L’histoire aurait pu se poursuivre de façon classique: Carnage tue ou prend Kurtz en otage et tente de s’évader de Ravencroft en faisant de nombreuse victime. Mais le scénario d’Ellis est plus malin et cherche avant tout à explorer un peu plus la psyché détraqué du personnage-titre. Notre psychiatre va donc utiliser un pistolet sonique (ou sonopistol) pour neutraliser le symbiote et injecter divers produits chimiques afin de rompre le lien cérébral entre celui-ci et son hôte.
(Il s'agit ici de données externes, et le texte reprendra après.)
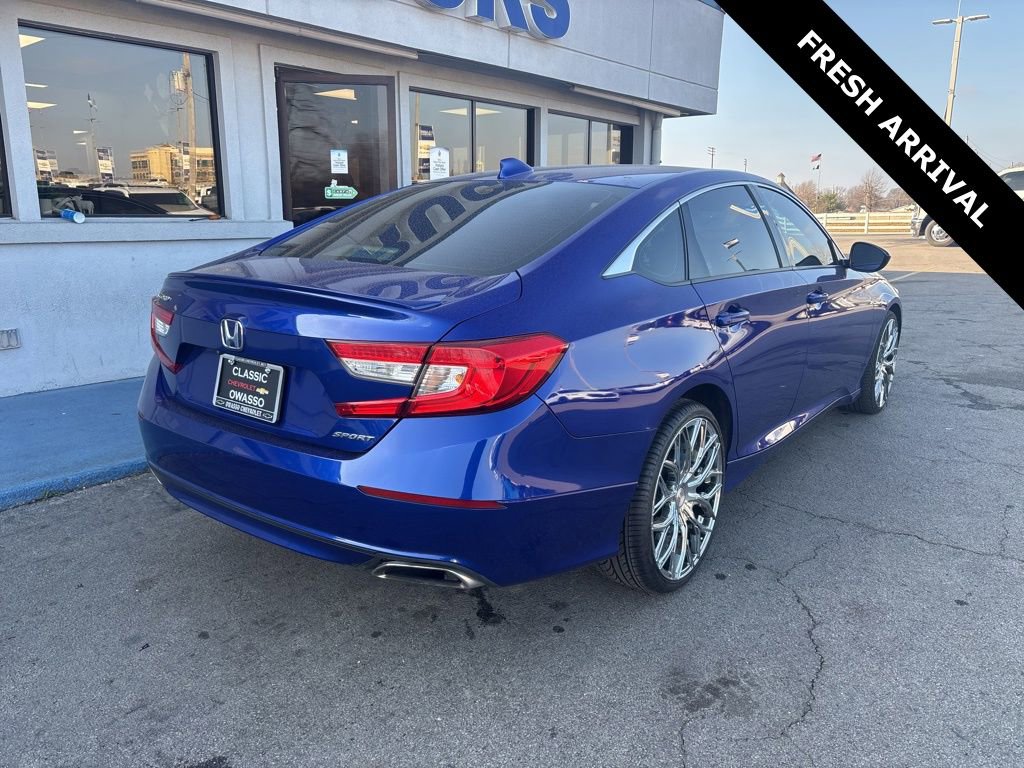 Used 2020 Honda Accord Sport image 2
Parvenant ainsi à faire tomber toutes les défenses de Kasady, Kurtz s’emploie à le questionner pour mieux le cerner… Et découvre alors qu’il n’y a rien à analyser chez lui.

 

 

Le récit ne cherche nullement à étudier le profile de son tueur sanguinaire. Loin d’un Silence des Agneaux qui laisse entrevoir une personnalité complexe derrière le meurtrier, Mind Bomb dresse un constat pour le moins troublant: il n’y a aucune réponse psychologique derrière les actes de Carnage. Comme nous le savions déjà, il aime tuer. Point. En fait cela est une véritable obsession pour lui puisqu’il avoue ne penser qu’à ça du matin au soir. Sa folie voit dans le meurtre une beauté purement artistique qu’il se plaît à reproduire.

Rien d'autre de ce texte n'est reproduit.